One of the most buoyant genres in the watchmaking arena is the luxury integrated sports watch, going from strength to strength since the Royal Oak’s debut in 1972. Although Chopard appears to have been a latecomer to the scene with its 2019 Alpine Eagle, the roots of this watch can be traced to the late 1970s with a watch created by Karl-Friedrich Scheufele (now Chopard’s Co-President) known as the St. Moritz. The latest model to join the Alpine Eagle is this time-and-date model with a pine green dial and Chopard’s 01.01-C movement with chronometer certification. Parts of the proceeds from the sales of this watch will be donated to the Alpine Eagle Foundation.
From St. Moritz to Sustainability
Karl-Friedrich Scheufele’s design for the St. Moritz, a sporty-chic model with a showy baroque bezel, captured the hedonistic flamboyance of the 1980s and borrowed its name from the swank Swiss ski resort. Interestingly, the evolution of the St. Moritz is a three-generation story. The Alpine Eagle collection was reborn on the insistence of Karl-Fritz (Karl-Friedrich’s son) and his grandfather Karl. Rechristened and revamped from head to toe, the collection’s name is more congruent with the brand’s commitment to sustainable luxury – the brand now uses 100% ethical gold – and its support of the non-profit Alpine Eagle Foundation. One of the current projects is to reintroduce the white-tailed eagle around Lake Geneva.
Available with time-and-date, chronograph and tourbillon functions, as well as a high-frequency 8Hz model and luxurious versions dripping with gemstones, this 41mm Alpine Eagle flies in with a fresh pine green face and a 41mm Lucent Steel A223 case. Chopard’s proprietary Lucent Steel, developed with partner Voestalpine Böhler, is said to be 50% more resistant to abrasion, harder (223 Vickers) and more reflective and luminous (lucent) than conventional steel alloys and is made from 70% recycled material.
Mounted on top of the tonneau-shaped case, with vertically brushed surfaces and bright polished chamfers, is the round bezel with eight aligned screws, a design feature recuperated from the original St. Moritz. With a height of 9.7mm, the case is not what could be described as ‘ultra-thin’ but lean enough. Protected by crown guards, the 7mm screw-down crown with its engraved compass rose ensures the 100m water-resistance of the case, and the three-link bracelet flows seamlessly into the case. Both the tonneau-shaped case and the highly polished central link on the bracelet are also throwbacks to the St. Moritz.

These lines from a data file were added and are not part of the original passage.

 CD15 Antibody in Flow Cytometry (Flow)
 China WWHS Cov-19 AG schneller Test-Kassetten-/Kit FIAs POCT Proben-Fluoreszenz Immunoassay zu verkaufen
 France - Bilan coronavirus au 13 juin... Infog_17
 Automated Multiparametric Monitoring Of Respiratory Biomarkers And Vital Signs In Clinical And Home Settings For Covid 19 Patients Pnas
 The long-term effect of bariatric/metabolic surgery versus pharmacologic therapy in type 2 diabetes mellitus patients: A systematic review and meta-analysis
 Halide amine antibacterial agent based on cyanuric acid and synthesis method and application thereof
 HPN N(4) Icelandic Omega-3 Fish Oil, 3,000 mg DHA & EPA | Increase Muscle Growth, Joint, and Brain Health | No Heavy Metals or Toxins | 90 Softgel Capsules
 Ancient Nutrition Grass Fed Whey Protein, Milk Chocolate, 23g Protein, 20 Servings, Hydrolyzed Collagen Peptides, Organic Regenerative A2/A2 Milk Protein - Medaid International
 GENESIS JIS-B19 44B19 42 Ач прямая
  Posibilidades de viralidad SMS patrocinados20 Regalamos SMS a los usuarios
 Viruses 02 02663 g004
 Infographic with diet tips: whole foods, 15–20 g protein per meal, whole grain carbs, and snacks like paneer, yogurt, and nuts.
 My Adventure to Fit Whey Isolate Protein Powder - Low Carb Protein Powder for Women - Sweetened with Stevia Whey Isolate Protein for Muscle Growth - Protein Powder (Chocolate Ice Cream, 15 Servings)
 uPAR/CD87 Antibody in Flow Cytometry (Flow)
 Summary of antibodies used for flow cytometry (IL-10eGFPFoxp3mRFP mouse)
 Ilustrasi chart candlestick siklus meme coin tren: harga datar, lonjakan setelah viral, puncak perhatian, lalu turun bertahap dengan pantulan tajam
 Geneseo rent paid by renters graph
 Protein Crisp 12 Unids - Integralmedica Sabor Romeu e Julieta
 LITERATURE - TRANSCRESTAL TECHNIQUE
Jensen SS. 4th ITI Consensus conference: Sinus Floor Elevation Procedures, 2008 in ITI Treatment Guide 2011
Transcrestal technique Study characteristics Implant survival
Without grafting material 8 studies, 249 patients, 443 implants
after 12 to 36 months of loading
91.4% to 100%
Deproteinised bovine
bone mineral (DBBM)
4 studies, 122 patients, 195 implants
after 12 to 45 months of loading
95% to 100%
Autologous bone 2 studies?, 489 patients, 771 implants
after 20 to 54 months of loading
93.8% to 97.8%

Inspired by the forests carpeting the Alpine biotope, the pine green dial of the Alpine Eagle features the characteristic striated pattern to suggest the iris of an eagle’s eye. Using a brass blank stamped with an irregular sunburst pattern with a pine green PVD treatment, the striations radiate from the centre. Rhodium-plated Roman numerals and hour markers are applied to the dial and treated with Grade X1 Super-Luminova, like the baton-style hour and minute hands. The signature eagle feather acting as a counterweight can be seen on the central seconds hand, and the date is perched a 4:30 with a green background and light green numerals to match the inscriptions ‘Chopard’ and ‘Chronometer’ at noon and the peripheral minutes track. A glareproofed scratch-resistant sapphire crystal protects the dial.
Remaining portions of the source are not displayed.